The current constitution of Iraq was approved by an October 15, 2005 ratification vote. The proposed constitution was drafted in 2005 by members of the Interim Iraqi Government to replace the Law of Administration for the State of Iraq for the Transitional Period, which had been put in force by the Coalition Provisional Authority after the Iraq War and occupation of Iraq by the United States and Coalition forces.

The drafting and adoption of the new constitution was not without controversy, however, as sectarian tensions in Iraq figured heavily in the process. The deadline for the conclusion of drafting was extended on four occasions because of the lack of consensus on religious language. In the end, only three of the 15 Sunni members of the drafting committee attended the signing ceremony, and none of them signed it. Sunni leaders were generally urging the electorate to reject the constitution in the 15 October referendum, but were overwhelmingly rejected by the voters.

The text of the proposed constitution was read to the National Assembly on Sunday, 28 August 2005. It describes the state as a “democratic, federal, representative republic” and a “multiethnic, multi-religious and multi-sect country”.

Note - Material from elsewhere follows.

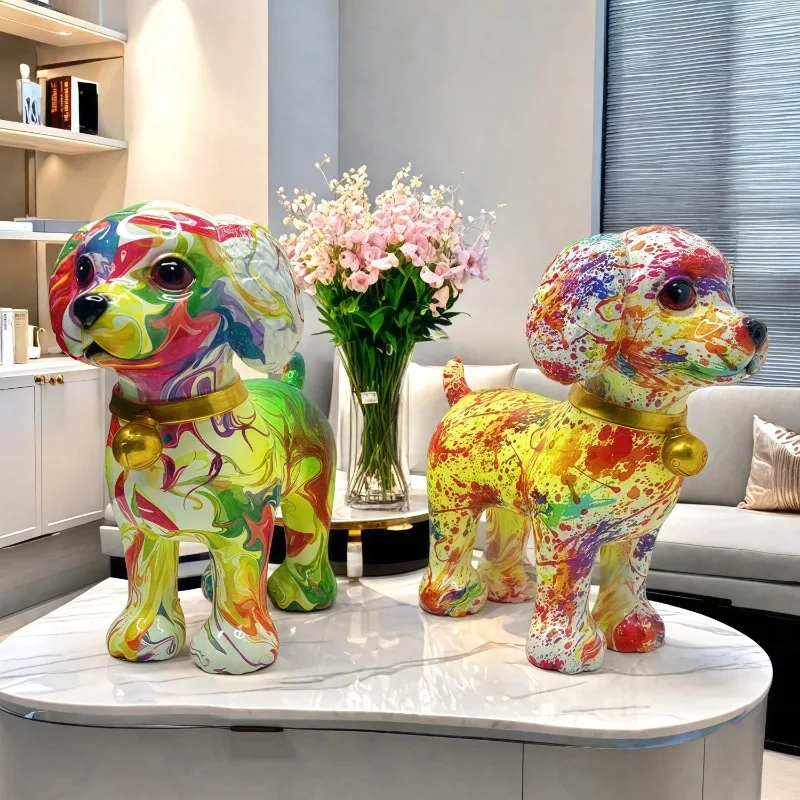 Chinese Style Colorful Graffiti Dog Statue With Gold Bell Lucky Resin Figurine Home Decor For Living Room Entryway Desktop Gift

Excerpts From The Preamble

We the sons of Mesopotamia, the creators of the alphabet, and the cradle of arithmetic: went by the millions for the first time in our history to the ballot box, men and women, young and old, on January 30, 2005, remembering the pains of the despotic band’s sectarian oppression of the majority; inspired by the suffering of Iraq’s martyrs – Sunni and Shiite, Arab, Kurd and Turkomen so we can create a new Iraq of the future, without sectarianism, racial strife, regionalism, discrimination or isolation.

Some References To Monetary Concerns From The Body Of The Constitution

The Arabic language and Kurdish languages are the two official languages of Iraq. The use of both languages is officially endorsed in any setting enjoined by the principle of equality such as bank notes, passports and stamps.

The Central Bank of Iraq is a financially and administratively independent institution and is responsible before the Council of Representatives.

The federal government shall have exclusive authorities in the issuing of currency, formulating monetary policy, and establishing and administering a central bank.

Now, will the Iraqi Dinar rise?

This currency has already gained 25% the past half year. The more stable Iraq gets the more the dinar will rise in my opinion. This is only one of the many steps Iraq has to make but for exceptance by the world bank a big one.

Still keep in mind that investing in Iraqi Dinars should be on the most risky side of your investment portfolio.